■ **What to produce**
Could you set down the records below exactly as they are, with no pictures?

**** Exercise data

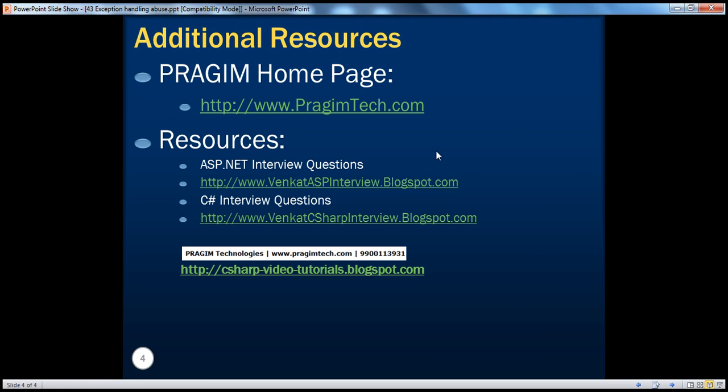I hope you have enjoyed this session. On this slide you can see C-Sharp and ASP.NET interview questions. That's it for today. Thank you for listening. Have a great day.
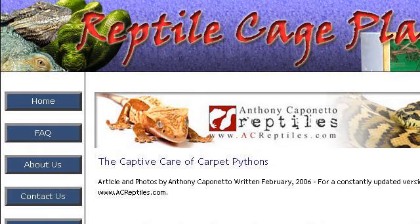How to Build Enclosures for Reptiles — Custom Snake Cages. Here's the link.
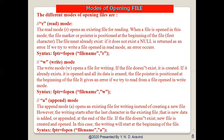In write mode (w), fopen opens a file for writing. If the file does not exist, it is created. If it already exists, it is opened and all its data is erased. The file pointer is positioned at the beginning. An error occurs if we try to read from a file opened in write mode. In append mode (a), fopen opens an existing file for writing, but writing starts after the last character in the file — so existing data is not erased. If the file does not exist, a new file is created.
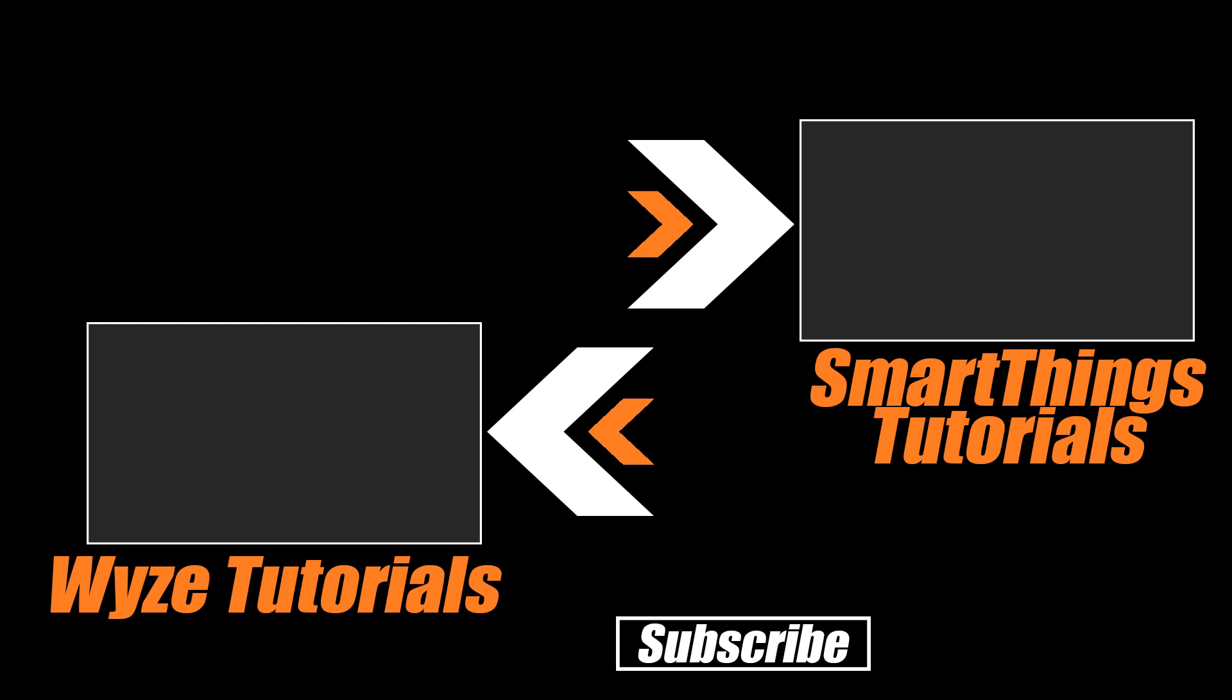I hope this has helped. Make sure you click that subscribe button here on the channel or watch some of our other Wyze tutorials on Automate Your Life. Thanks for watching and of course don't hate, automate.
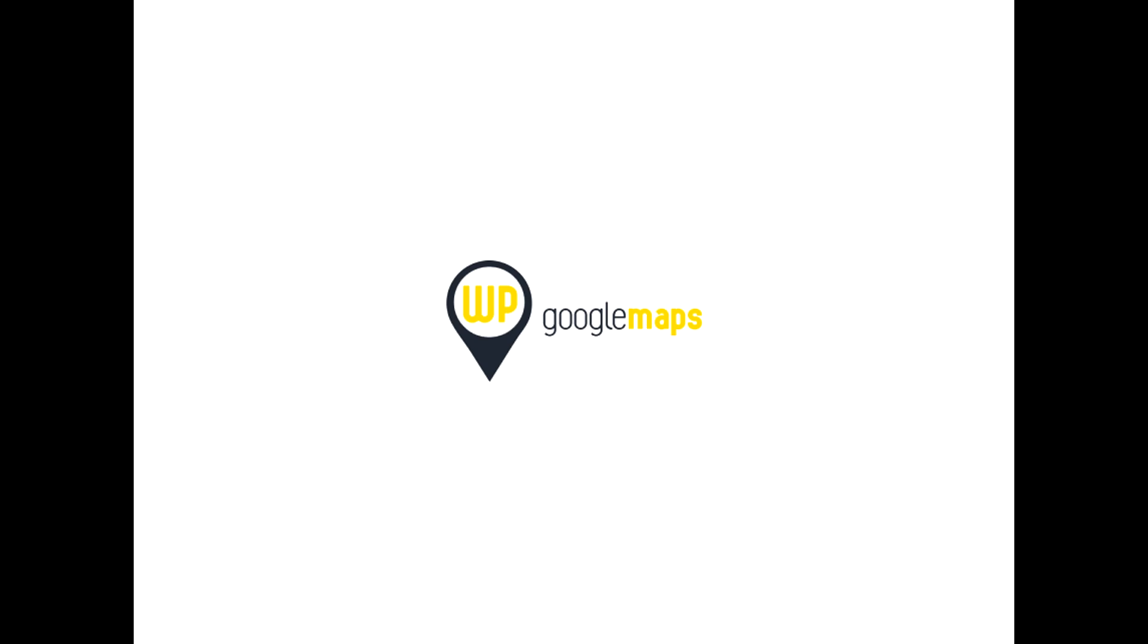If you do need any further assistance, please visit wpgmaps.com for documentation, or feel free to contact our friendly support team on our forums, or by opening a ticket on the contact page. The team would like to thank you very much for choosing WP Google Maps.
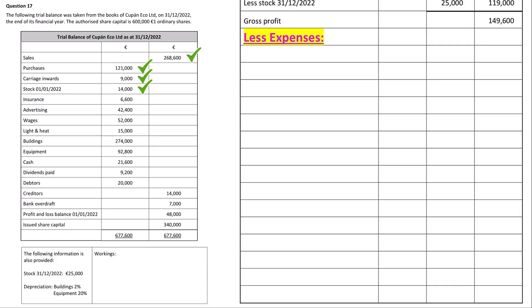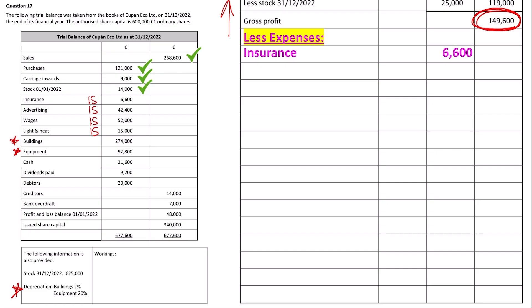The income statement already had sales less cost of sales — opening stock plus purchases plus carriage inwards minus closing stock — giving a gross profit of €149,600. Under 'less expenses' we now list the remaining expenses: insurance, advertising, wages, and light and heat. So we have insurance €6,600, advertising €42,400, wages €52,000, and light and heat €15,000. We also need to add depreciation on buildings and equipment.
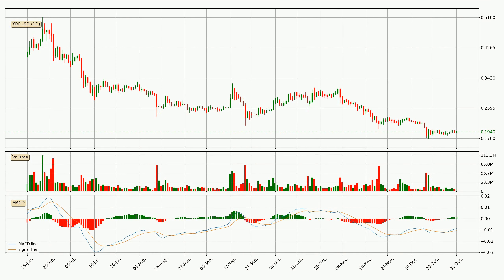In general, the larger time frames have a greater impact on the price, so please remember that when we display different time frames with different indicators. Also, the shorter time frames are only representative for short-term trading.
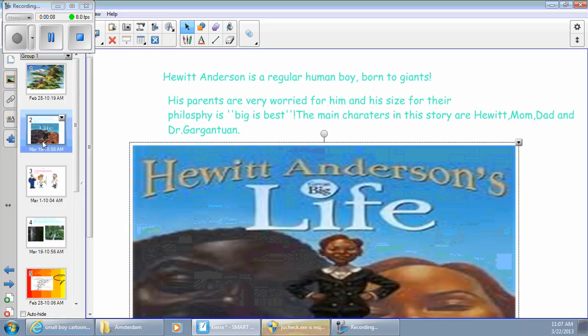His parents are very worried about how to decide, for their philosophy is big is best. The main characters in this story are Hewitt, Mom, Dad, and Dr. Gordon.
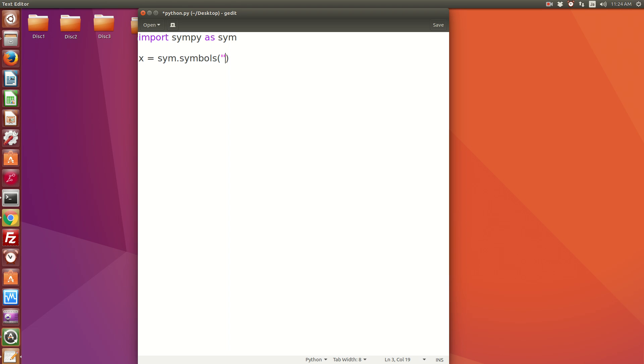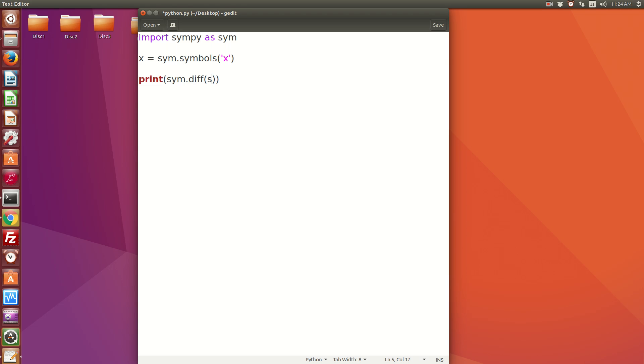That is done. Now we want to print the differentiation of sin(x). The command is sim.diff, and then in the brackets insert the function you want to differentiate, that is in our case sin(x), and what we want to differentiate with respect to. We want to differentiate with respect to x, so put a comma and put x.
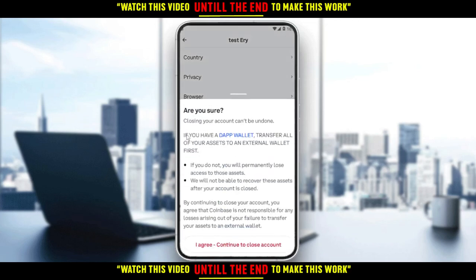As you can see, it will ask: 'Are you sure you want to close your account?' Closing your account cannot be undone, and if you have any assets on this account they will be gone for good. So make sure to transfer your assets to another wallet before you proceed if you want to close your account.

********

■ **Written reply**
I hope you have enjoyed this session. On this slide you can see C-Sharp and ASP.NET interview questions. That's it for today. Thank you for listening. Have a great day.
How to Build Enclosures for Reptiles — Custom Snake Cages. Here's the link.
In write mode (w), fopen opens a file for writing. If the file does not exist, it is created. If it already exists, it is opened and all its data is erased. The file pointer is positioned at the beginning. An error occurs if we try to read from a file opened in write mode. In append mode (a), fopen opens an existing file for writing, but writing starts after the last character in the file — so existing data is not erased. If the file does not exist, a new file is created.
I hope this has helped. Make sure you click that subscribe button here on the channel or watch some of our other Wyze tutorials on Automate Your Life. Thanks for watching and of course don't hate, automate.
If you do need any further assistance, please visit wpgmaps.com for documentation, or feel free to contact our friendly support team on our forums, or by opening a ticket on the contact page. The team would like to thank you very much for choosing WP Google Maps.
The income statement already had sales less cost of sales — opening stock plus purchases plus carriage inwards minus closing stock — giving a gross profit of €149,600. Under 'less expenses' we now list the remaining expenses: insurance, advertising, wages, and light and heat. So we have insurance €6,600, advertising €42,400, wages €52,000, and light and heat €15,000. We also need to add depreciation on buildings and equipment.
In general, the larger time frames have a greater impact on the price, so please remember that when we display different time frames with different indicators. Also, the shorter time frames are only representative for short-term trading.
His parents are very worried about how to decide, for their philosophy is big is best. The main characters in this story are Hewitt, Mom, Dad, and Dr. Gordon.
That is done. Now we want to print the differentiation of sin(x). The command is sim.diff, and then in the brackets insert the function you want to differentiate, that is in our case sin(x), and what we want to differentiate with respect to. We want to differentiate with respect to x, so put a comma and put x.
As you can see, it will ask: 'Are you sure you want to close your account?' Closing your account cannot be undone, and if you have any assets on this account they will be gone for good. So make sure to transfer your assets to another wallet before you proceed if you want to close your account.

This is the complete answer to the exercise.